▼
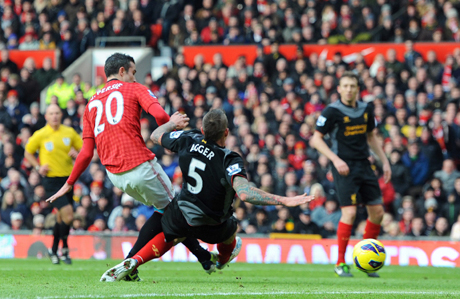 РВП готов за игра срещу &bdquo;лебедите"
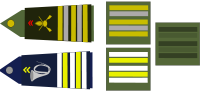 Lieutenant colonel.svg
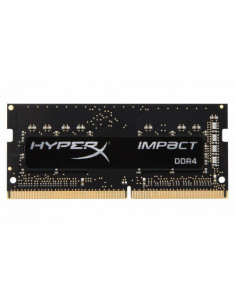 Hyperx Impact 16GB DDR4...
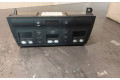 Блок управления климат-контролем 4B0820043AC   Audi A6 S6 C5 4B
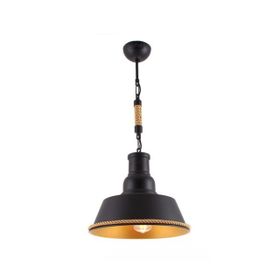 Sedef 10145-1P BGD Tekli Avize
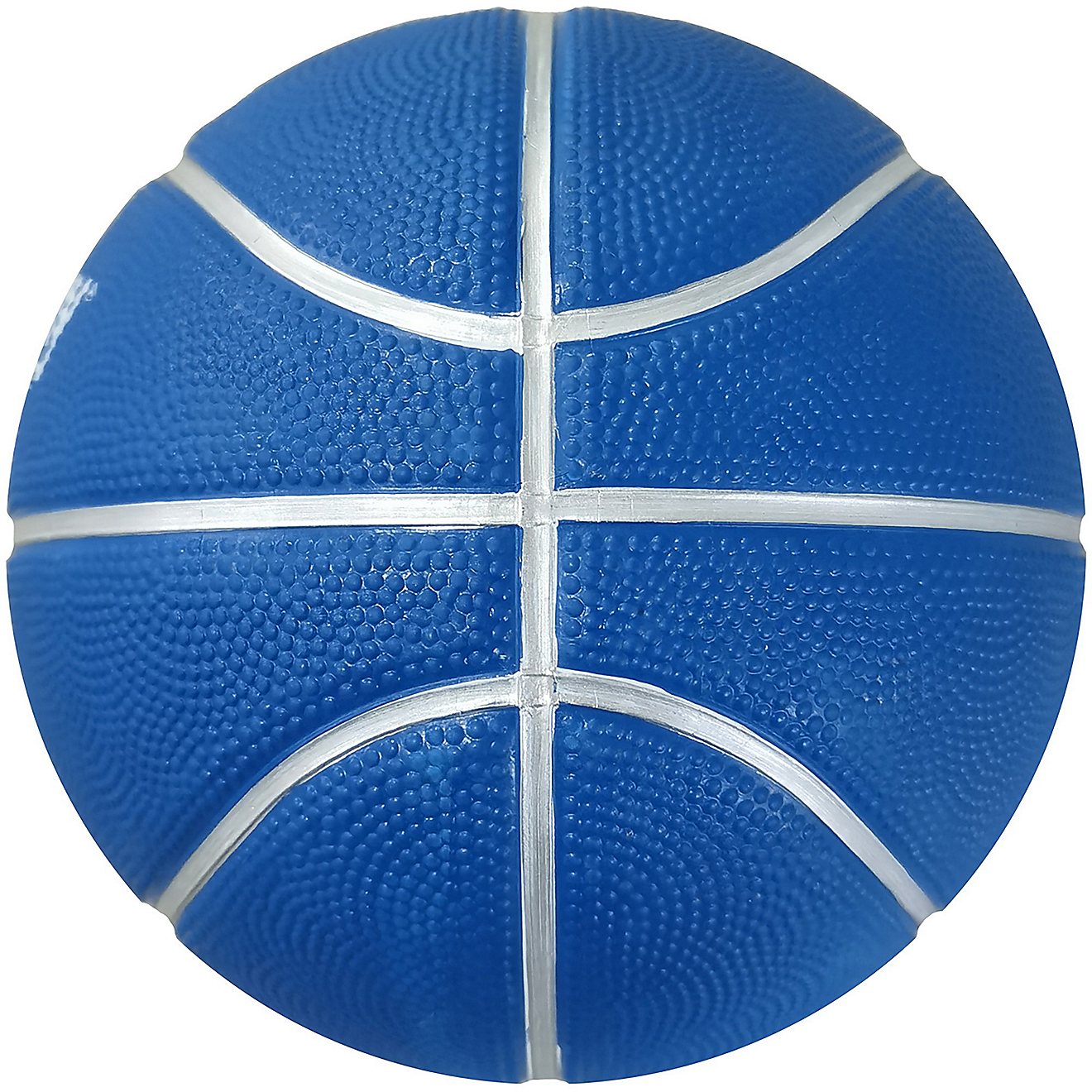 Academy Sports + Outdoors Kids' Mini Basketball                                                                                  - view number 2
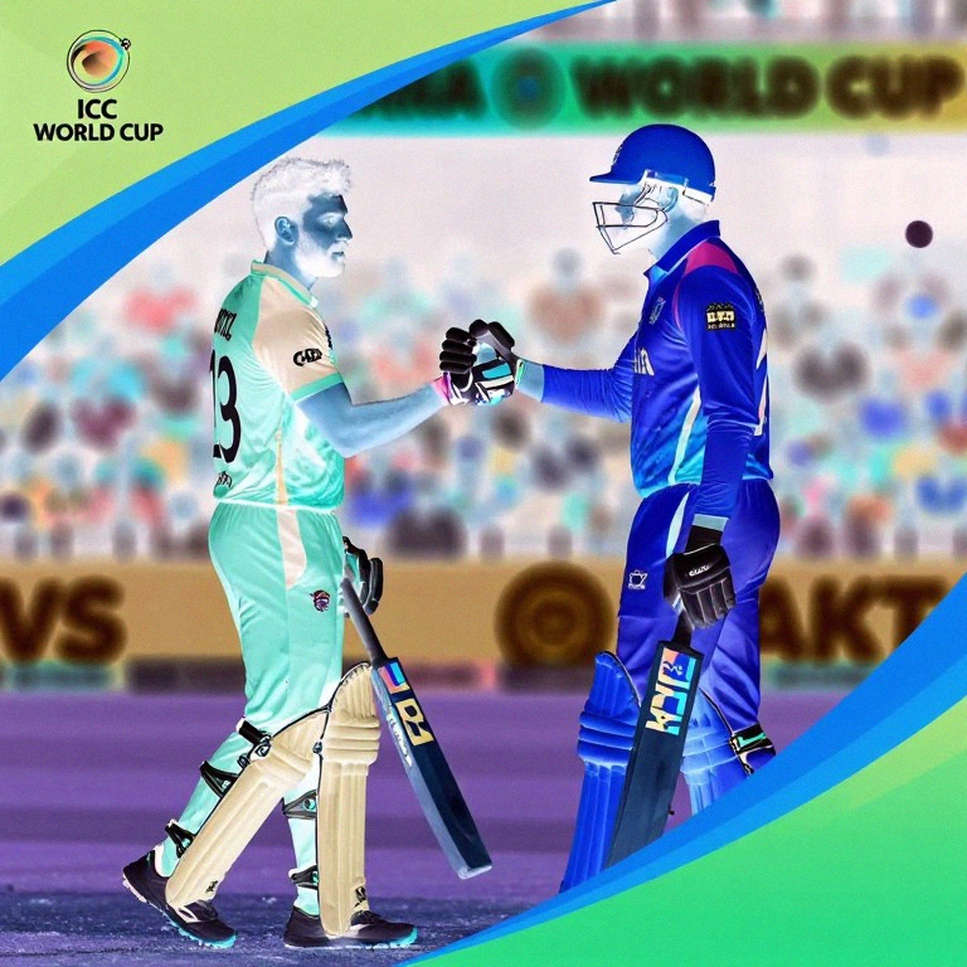 কুলদীপ কেন বাদ: ইন্দোরের ফ্ল্যাট পিচ যেই প্রশ্নের উত্তর দেয়নি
▲
- [WORK INSTRUCTION]: Each record above needs to be retyped exactly, without any pictures.

- [YOUR SOLUTION]:
 РВП готов за игра срещу &bdquo;лебедите"
 Lieutenant colonel.svg
 Hyperx Impact 16GB DDR4...
 Блок управления климат-контролем 4B0820043AC   Audi A6 S6 C5 4B
 Sedef 10145-1P BGD Tekli Avize
 Academy Sports + Outdoors Kids' Mini Basketball                                                                                  - view number 2
 কুলদীপ কেন বাদ: ইন্দোরের ফ্ল্যাট পিচ যেই প্রশ্নের উত্তর দেয়নি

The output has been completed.